Provided data |
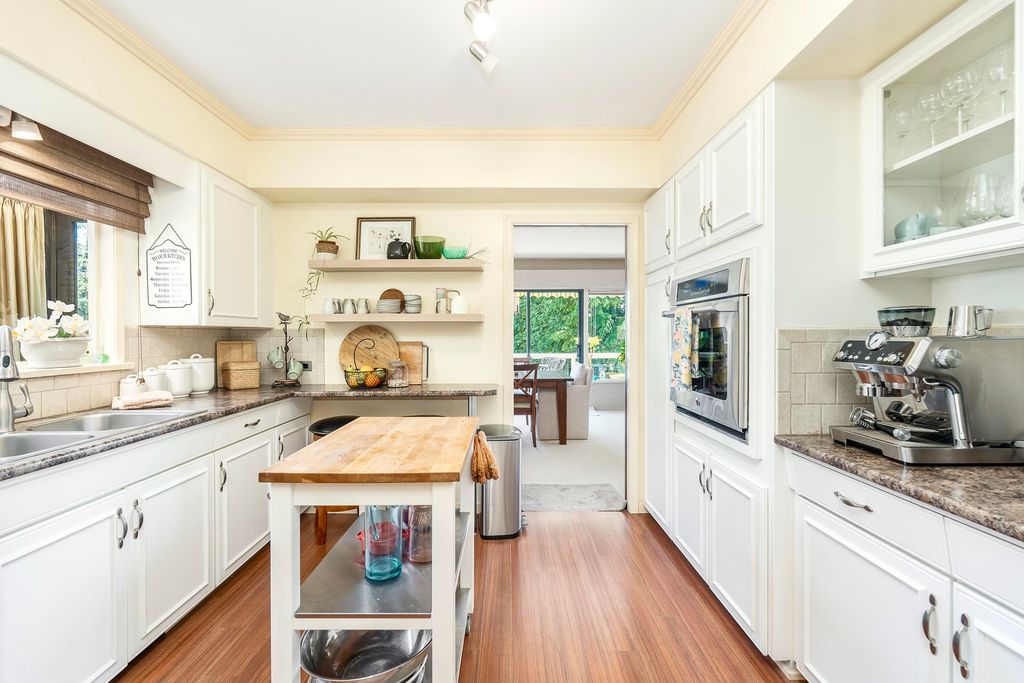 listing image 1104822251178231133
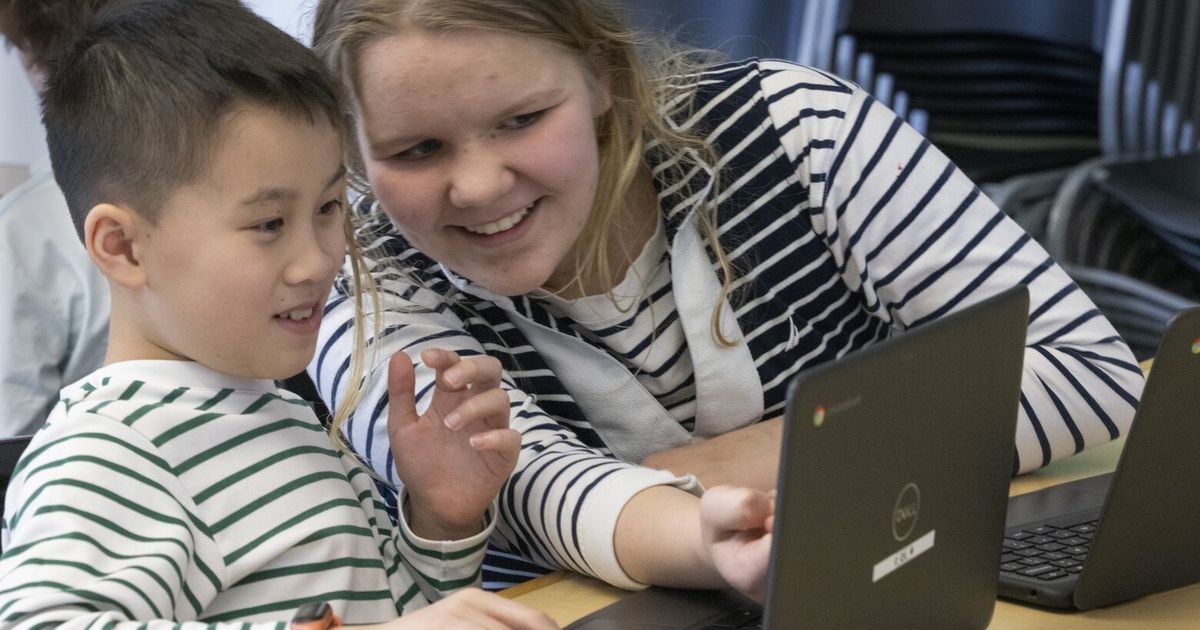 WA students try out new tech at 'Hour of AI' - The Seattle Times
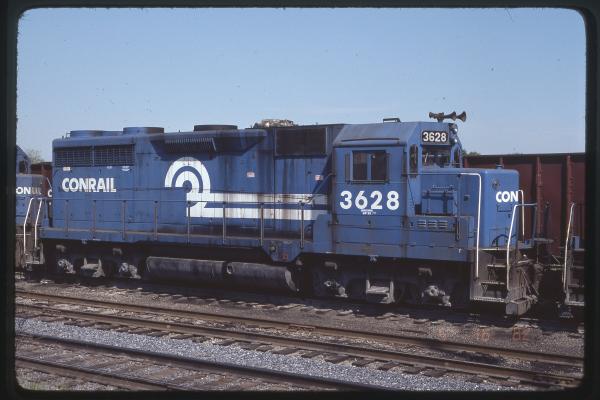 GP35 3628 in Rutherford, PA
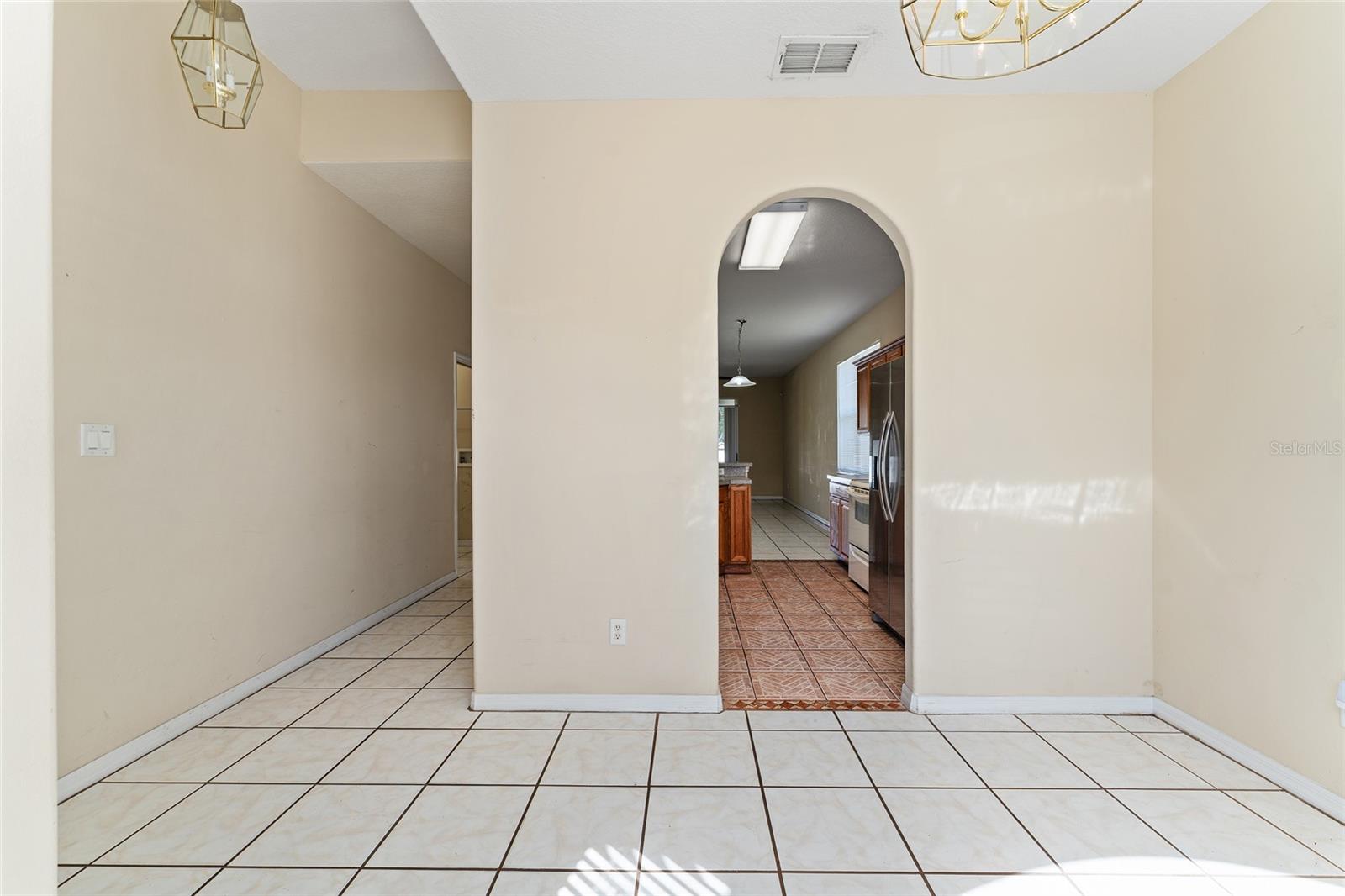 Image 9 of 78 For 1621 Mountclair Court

Exercise directions | Start to finish, write out the data above exactly, omitting all pictures.

Written response |
 listing image 1104822251178231133
 WA students try out new tech at 'Hour of AI' - The Seattle Times
 GP35 3628 in Rutherford, PA
 Image 9 of 78 For 1621 Mountclair Court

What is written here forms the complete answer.